Adapted from: Rachael Ray
Total Time: 20 – 25 minutes
Preparation: 10 minutes
Cooking Time: 15 minutes
Serves: 2 – 3

Dumplings (The quantity listed for the dumplings are approximate measures.)

  • 200 grams or little less than ½ lb. Ground Turkey (can substitute it with ground chicken)
  • ¼ – 1/3 tsp. Chili Powder
  • Pinch of Garam Masala
  • ¼ – ½ tsp. Oil
  • ½ tsp. Crushed Garlic
  • Salt to season the turkey


  • 1 -2 tsp. Oil
  • ½ tsp. crushed Garlic
  • ¼ tsp. Red Pepper Flakes
  • 3 Button Mushrooms diced
  • 3 cups Vegetable Stock (I used homemade stock)
  • 1 small Carrot sliced
  • ¾ cup canned The Great Northern Beans (½ can)
  • ½ – ¾ cup loosely packed shredded Cabbage
  • 2 Green Onions chopped
  • 1/8 – ¼ tsp. Pepper Powder (adjust to taste. Remember the dumplings are already seasoned and will need only small amount of pepper to season the soup)
  • Salt to taste


  • Mix all the ingredients listed under dumplings. If you have time let it marinate for 30 minutes or overnight in the fridge. I made kofta curry Thursday night and kept aside some meat for the dumpling soup.
  • Make small meat balls with the seasoned ground turkey.
  • Heat a big sauce pan with some oil. Add the chili flakes, garlic and sauté for a few seconds.
  • Add mushrooms and sauté for few more seconds. Mushrooms can be added at this point or along with the meat balls, after stock comes to a boil.
  • Add the stock and bring it to boil.
  • While the stock is warming up, chop the vegetables required for the soup.
  • Reduce the flame to medium and add the meat balls to the stock.

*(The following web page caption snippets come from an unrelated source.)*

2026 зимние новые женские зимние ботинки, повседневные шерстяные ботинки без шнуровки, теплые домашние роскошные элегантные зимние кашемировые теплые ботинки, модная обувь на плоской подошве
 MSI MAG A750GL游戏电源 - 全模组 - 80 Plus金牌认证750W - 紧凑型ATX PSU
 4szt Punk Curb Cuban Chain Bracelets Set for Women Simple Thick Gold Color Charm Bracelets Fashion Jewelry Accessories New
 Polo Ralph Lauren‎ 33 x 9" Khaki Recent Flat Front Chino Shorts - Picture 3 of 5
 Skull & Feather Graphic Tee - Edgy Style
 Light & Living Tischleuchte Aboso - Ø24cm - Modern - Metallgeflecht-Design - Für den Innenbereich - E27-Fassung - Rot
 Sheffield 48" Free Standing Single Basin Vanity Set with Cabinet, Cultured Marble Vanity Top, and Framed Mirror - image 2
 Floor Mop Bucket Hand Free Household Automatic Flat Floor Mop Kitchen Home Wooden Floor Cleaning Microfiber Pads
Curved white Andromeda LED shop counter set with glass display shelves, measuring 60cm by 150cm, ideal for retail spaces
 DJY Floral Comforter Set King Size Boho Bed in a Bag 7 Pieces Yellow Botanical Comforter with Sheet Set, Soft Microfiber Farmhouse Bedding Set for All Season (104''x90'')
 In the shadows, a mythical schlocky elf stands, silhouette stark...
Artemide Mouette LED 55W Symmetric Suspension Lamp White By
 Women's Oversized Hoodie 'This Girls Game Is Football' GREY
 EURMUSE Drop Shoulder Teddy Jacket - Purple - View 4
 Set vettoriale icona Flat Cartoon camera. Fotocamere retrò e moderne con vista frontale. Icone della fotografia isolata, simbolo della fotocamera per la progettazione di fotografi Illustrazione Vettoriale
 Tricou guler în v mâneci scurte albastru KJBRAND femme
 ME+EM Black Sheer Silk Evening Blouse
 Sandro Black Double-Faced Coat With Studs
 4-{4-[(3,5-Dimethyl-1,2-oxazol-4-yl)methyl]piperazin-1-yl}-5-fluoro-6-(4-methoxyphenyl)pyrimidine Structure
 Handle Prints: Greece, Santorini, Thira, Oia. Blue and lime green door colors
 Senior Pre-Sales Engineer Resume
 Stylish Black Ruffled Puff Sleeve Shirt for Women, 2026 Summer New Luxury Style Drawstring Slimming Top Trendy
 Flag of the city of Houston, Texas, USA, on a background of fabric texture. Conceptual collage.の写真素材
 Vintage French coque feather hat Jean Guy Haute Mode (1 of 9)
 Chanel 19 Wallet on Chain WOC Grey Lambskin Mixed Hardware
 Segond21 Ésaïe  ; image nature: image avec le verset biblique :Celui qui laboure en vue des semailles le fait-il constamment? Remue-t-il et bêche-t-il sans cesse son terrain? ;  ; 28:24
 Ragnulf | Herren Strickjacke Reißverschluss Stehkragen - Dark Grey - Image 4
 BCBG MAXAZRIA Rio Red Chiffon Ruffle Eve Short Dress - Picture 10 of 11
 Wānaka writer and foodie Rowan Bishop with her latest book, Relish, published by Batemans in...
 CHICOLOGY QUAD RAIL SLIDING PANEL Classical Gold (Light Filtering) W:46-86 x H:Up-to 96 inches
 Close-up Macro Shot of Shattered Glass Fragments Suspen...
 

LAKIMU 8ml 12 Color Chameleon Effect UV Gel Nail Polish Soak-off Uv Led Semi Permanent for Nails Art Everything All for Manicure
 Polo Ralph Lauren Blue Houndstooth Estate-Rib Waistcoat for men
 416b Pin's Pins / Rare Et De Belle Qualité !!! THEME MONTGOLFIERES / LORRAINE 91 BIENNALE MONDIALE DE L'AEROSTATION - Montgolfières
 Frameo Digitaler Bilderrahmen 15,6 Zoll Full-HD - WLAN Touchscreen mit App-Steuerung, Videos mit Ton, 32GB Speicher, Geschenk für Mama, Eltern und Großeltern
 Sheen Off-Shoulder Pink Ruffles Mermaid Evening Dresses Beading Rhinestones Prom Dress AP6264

If you have not added the mushrooms yet, add it at this point.
  • Wave the meat balls /dumplings with a spoon so that the dumplings are properly cooked in the stock. This should take about 2-4 minutes. As the dumplings cook, they will rise to the top and begin to float in the stock.
  • Add remaining ingredients and cook for another 5 – 7 minutes until the vegetables are fully cooked. I don’t like to cook the vegetables for too long.
  • Taste the soup and adjust the seasoning. I felt the soup is more flavorful when eaten with a dumpling, as the dumplings are well seasoned.
  • Serve it hot.

Recipes I posted this month in 2009 and in 2010.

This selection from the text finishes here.